One of the satisfying activities of the last couple of months has been playing golf.  Some may find that for them the game is definitely a painful stimulus, without any real control.  I have been playing every preparation day for about 18 months as soon as it is light enough to see.  No warmup, no driving range, just arrive, do 10 minutes of putting, and set out.  Some days good, other days bad, but always enough good shots to keep going back.  For some reason, I have been able to relax a lot more in the past couple of months during the game and not try to force the shots.  In doing so, the scores have come down about an average of 6-8 shots per round, and last Monday I shot a personal best!  Perhaps things are going better because to a degree I have given up trying to be “in control” and focused on basics.  

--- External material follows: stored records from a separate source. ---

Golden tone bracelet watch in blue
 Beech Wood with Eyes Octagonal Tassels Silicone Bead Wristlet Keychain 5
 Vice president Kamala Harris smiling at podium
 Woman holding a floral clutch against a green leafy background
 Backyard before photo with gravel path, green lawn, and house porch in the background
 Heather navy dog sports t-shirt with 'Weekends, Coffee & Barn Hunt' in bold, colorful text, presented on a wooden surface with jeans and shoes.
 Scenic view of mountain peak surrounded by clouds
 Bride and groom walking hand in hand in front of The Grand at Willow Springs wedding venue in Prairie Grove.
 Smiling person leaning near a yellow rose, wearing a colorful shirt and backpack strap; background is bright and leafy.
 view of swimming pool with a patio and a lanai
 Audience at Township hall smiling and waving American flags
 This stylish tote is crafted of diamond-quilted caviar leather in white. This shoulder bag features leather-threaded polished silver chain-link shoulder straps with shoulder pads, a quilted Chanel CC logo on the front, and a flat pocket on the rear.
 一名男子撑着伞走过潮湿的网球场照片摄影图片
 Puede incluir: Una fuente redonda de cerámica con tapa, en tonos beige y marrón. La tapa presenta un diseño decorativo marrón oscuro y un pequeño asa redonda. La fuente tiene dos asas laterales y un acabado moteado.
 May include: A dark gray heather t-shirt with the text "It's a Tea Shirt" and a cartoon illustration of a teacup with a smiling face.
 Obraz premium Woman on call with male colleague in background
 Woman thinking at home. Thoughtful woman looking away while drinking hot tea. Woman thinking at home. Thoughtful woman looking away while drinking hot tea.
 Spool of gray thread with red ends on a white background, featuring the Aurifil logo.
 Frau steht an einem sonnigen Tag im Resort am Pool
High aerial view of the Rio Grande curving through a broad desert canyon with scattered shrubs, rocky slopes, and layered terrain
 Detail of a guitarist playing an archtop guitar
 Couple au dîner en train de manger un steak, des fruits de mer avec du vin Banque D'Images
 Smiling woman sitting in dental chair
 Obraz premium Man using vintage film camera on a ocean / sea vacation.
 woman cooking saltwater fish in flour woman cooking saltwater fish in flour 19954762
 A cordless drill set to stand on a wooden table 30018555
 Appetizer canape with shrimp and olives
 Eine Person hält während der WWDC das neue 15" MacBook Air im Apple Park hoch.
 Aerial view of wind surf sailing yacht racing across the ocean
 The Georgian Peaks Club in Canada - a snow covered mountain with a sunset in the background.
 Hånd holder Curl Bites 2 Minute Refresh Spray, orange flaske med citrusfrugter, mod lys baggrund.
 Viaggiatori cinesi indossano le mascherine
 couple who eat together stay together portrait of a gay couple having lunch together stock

Are we really in control of what is happening in our lives?  No definitely not. God is in control, and He doesn’t often tell us what is happening next.  We can set goals, set out to accomplish good things, work hard, etc. but in the end we are not in charge and the sooner we recognize that and leave the driving to Him, the sooner we will achieve greater happiness and experience less frustration.  Our own striving should continue, but with a greater degree of faith and confidence that in the end things will turn out ok even if they don’t turn out how we thought they would.

Fun after a long week, with Sr. Graham, Piersons, Pothiers, Sr. Roy, and the Spackmans, with Pres. Graham behind the camera. 


  1. I know that the time is at hand when this blog will end. I have enjoyed reading it each week. I will miss reading it and feeling inspired by your experiences and your service. Thanks for including us on your mission. The great thing about the end of this mission is that we are looking forward to your return and your visit to San Antonio. Thanks for sharing.

  2. We greatly appreciate your time and efforts to provide so much useful information about our upcoming time in Ghana. It has made all the difference. Thanks for sharing your experiences on this blog. May the Lord continue to bless you in the future and may you have a safe and pleasant journey home.